Thursday, July 28, 2011

(1) The Greatest Vice (2) Military Suicides


THE GREATEST VICE


  At first, Muslims were blamed by the mob for the mass murders actually commited by those clean-cut young native sons of the U.S.A. and Norway, Timothy McVeigh and Andrew Behring Breivik.  As McVeigh was murdered by the state we will never have the opportunity to see if in the future he would have comprehended his own actions, or how society might have learned from observing him how to prevent future McVeighs.  Fortunately, the Norwegians are not so murderous, and Breivik will not be killed by the State, while he has stated that he knows he will serve life in prison.  We will have a chance to see if he ever wakes up to the reality of what he has done, or tell us how he got there.

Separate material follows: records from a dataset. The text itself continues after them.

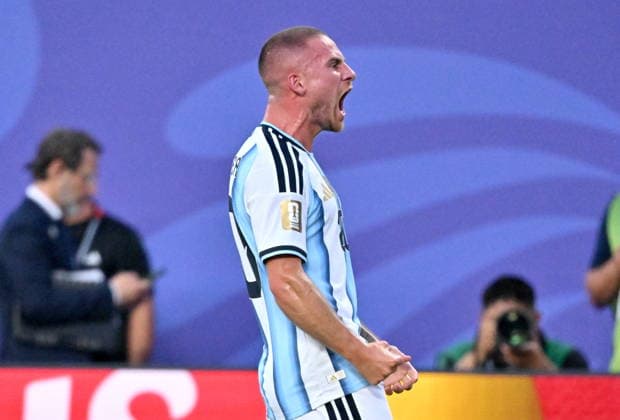 FIFA World Cup, WM, Weltmeisterschaft, Fussball 2026 quarterfinals - Argentina vs Switzerland Alexis Mac Allister of Argentina celebrates after scoring the opening goal during the FIFA World Cup 2026 quarterfinals match Argentina vs Switzerland, in Kansas City, USA, 11 July 2026. KANSAS CITY United States  Copyright: xAMYxKONTRASx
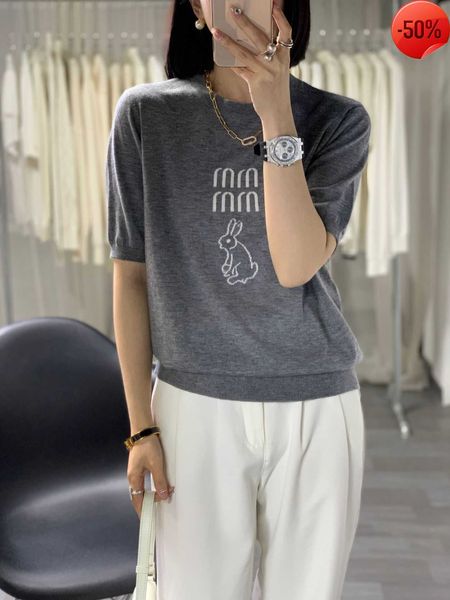 designer haute couturelittle rabbit embroidery letter pattern knitted short sleeve women's fashion round neck pullover cartoon jacquard, White
designer haute couturelittle rabbit embroidery letter pattern knitted short sleeve women's fashion round neck pullover cartoon jacquard, White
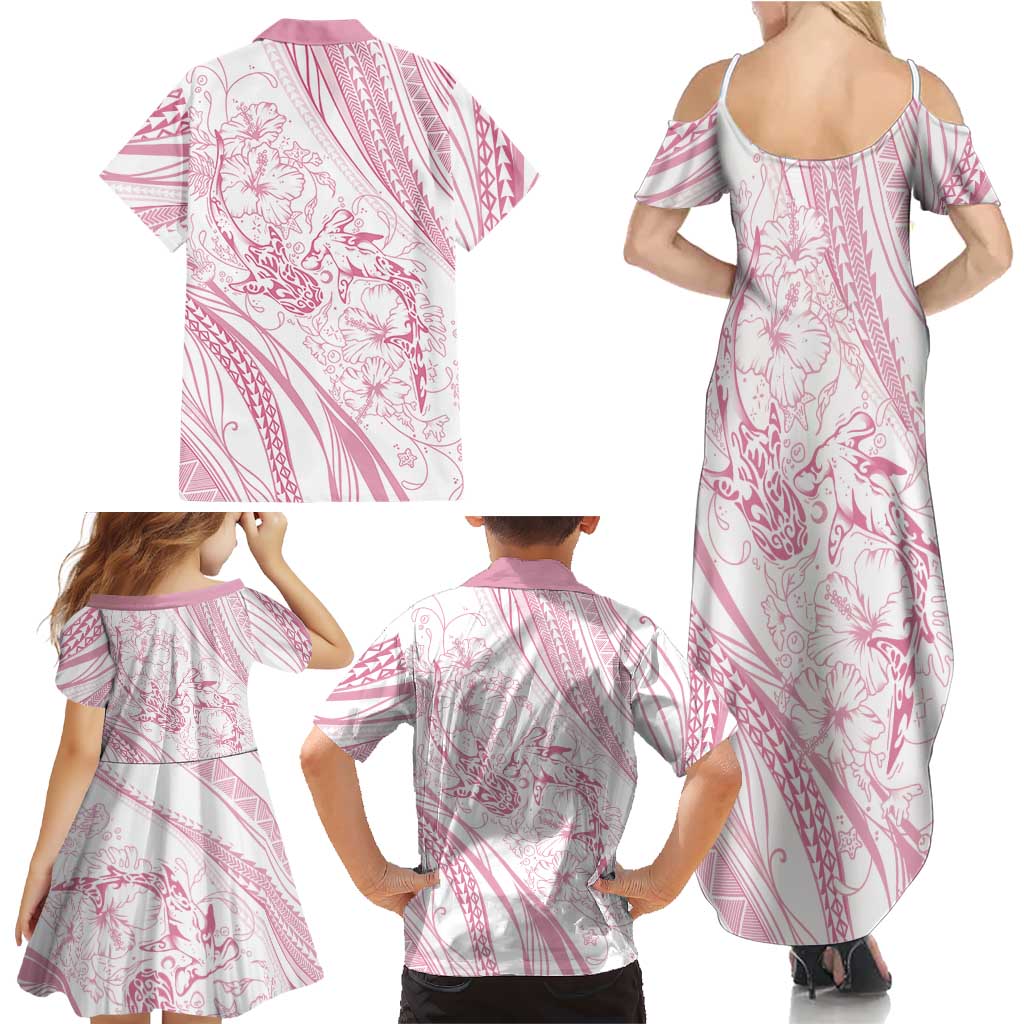 Sharks Couple Dreamy Polynesians Floral Sea Family Matching Summer Maxi Dress and Hawaiian Shirt Pink - Polynesian Pride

       One thing that these two young men have in common is what is universally considered a “virtue,” but what is actually the worst vice on the planet:  self-righteousness.  In simple old common sense language, they were “so right they were wrong.”  Beside the factors in their personal psychology histories – which are as important as anything – they were clear in their statements about what had aroused their righteous indignation, which, for them, justified the most extreme reaction. 

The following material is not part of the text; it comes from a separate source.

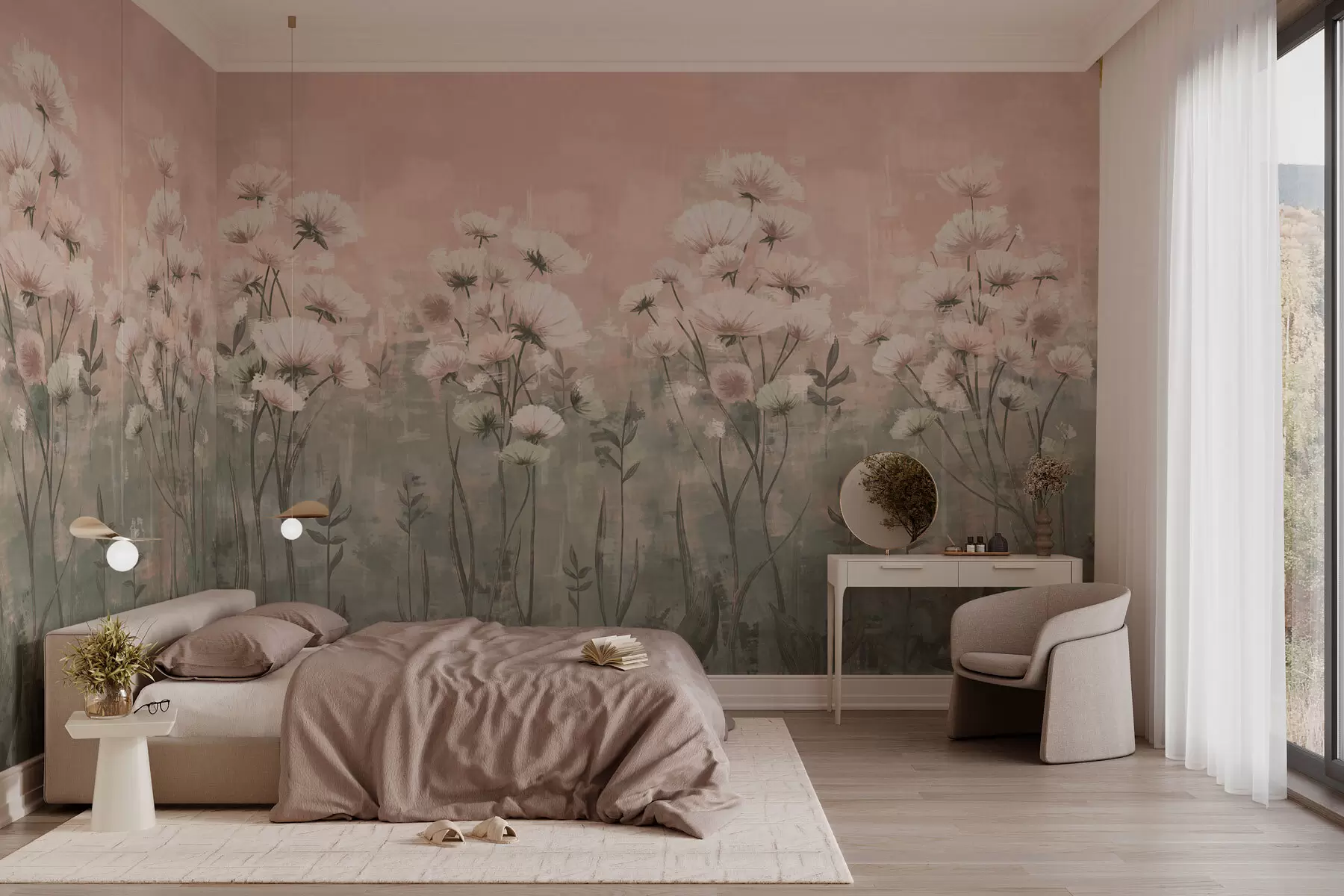 wall murals Нежно дивље цвеће са ефектом потеза четкице у розе w02629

           Even those not directly harmed by their acts are apt to be seized by the vice of self-righteousness and will call for their murder by the state, a state of mind no different from the state of the mind of the murderers they want to murder.  But will the people who call for their deaths recognize that they are the same as those they wish to murder?  How many people possessed by the vice of self-righteous will openly celebrate or smile in private when they hear of the murder of a doctor who provides abortions.  While in other parts of their lives they may be loving citizens who personally would never murder, when it comes to whatever makes them feel full of a supposed virtue of self-righteousness, they will feel justified to celebrate a murder.  Bless Norway that seems to know the poisonous nature of feeling righteous.  Look at every sick situation on the earth, in the nation, and in our personal lives, and you will see that the root of the conflict is this vice of self-righteousness.  The robber feels that, compared with others, he is not getting the share he deserves, and feels righteous about a rough achievement of equality.  Some will react negatively if I say that resentment and envy justifies in the rapist’s mind his violent act.

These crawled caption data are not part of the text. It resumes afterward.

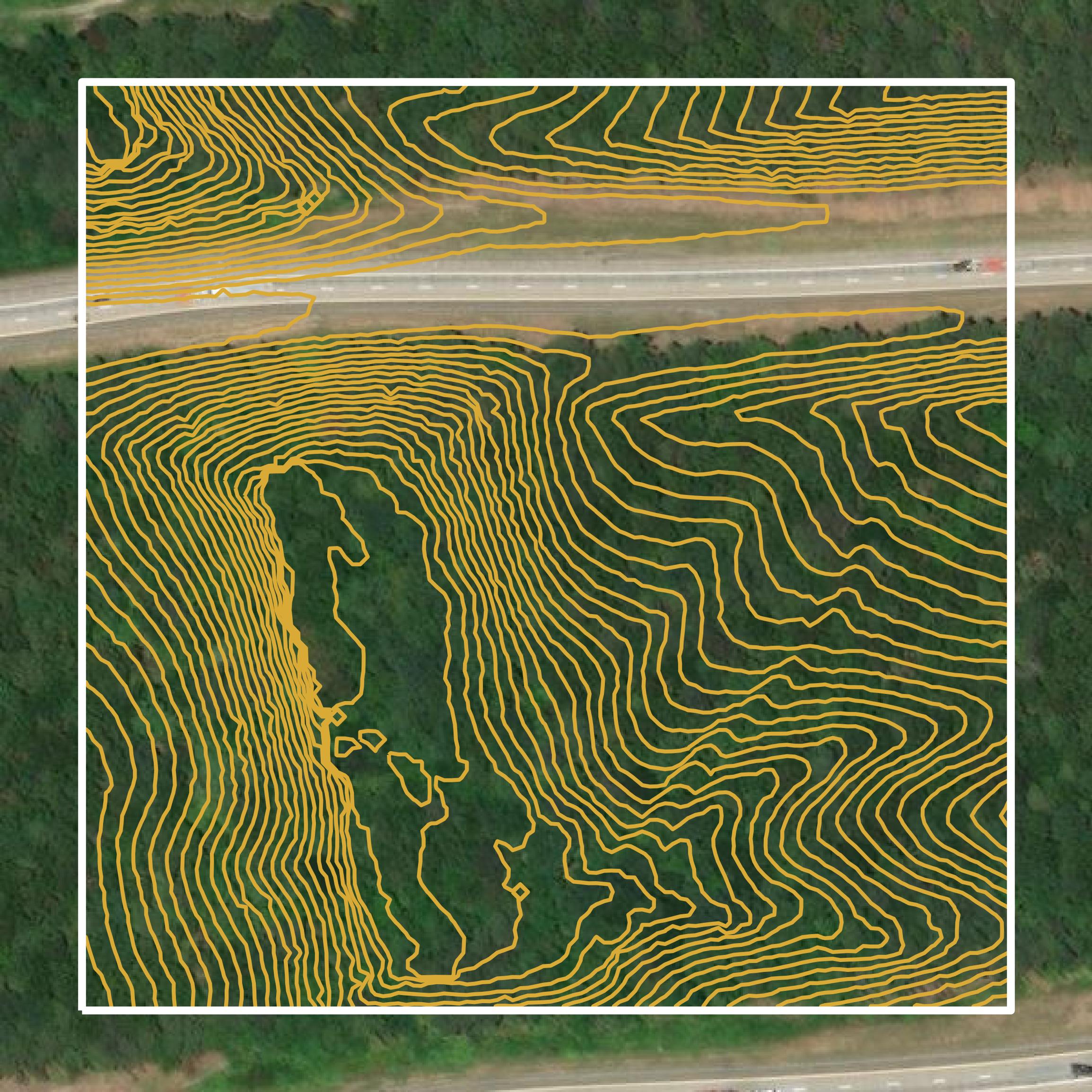 This image shows a contour map in Haralson County created using GIS data in Equator.
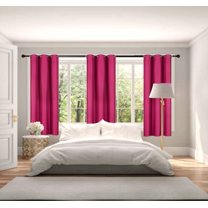 New Luxury Curtain Set of 2pc Panels Adam Hot Pink Color 100% Privacy Blackout Room Darkening Thermal Window Grommet Short Drapes Size 37" Wide X 63" Length for Bedroom Home Décor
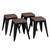 Kai 18" Backless Metal Dining Height Stool with Wood Seat - Set of 4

Does anyone do wrong?  Or, rather, is the wrong they do not done with a sense of self-righteousness that empowers?  I have certainly in my life not been free of this so-called virtue which is the worst vice, and I always hope I can face up to my fear of examining how it exists in my life, past and present, but I do know that enjoying a sense of self-righteousness is the opposite of being one who helps create a world of peace and love. 
Postscript:  I have to add this about another matter – military suicides.  It is heartbreaking to hear the “sleepy” reaction of relatives of service people or veterans who commit suicide:  “I don’t understand.  He seemed O.K.”  Will the time ever come when they will understand the decency of their child being troubled by murdering people (let alone if they awaken to the fact that they have been manipulated by the sordid motives of nations and war profiteers).  Here is a human with a conscience reacting with horror at murders he or she has been forced to commit. Around them, there is no one to celebrate them as the true heroes, and they are far from people who might have told them the thoughts that lead to their suicides proved their greater humanity, not that they were failing some primitive definition of manhood or  spurious patriotism.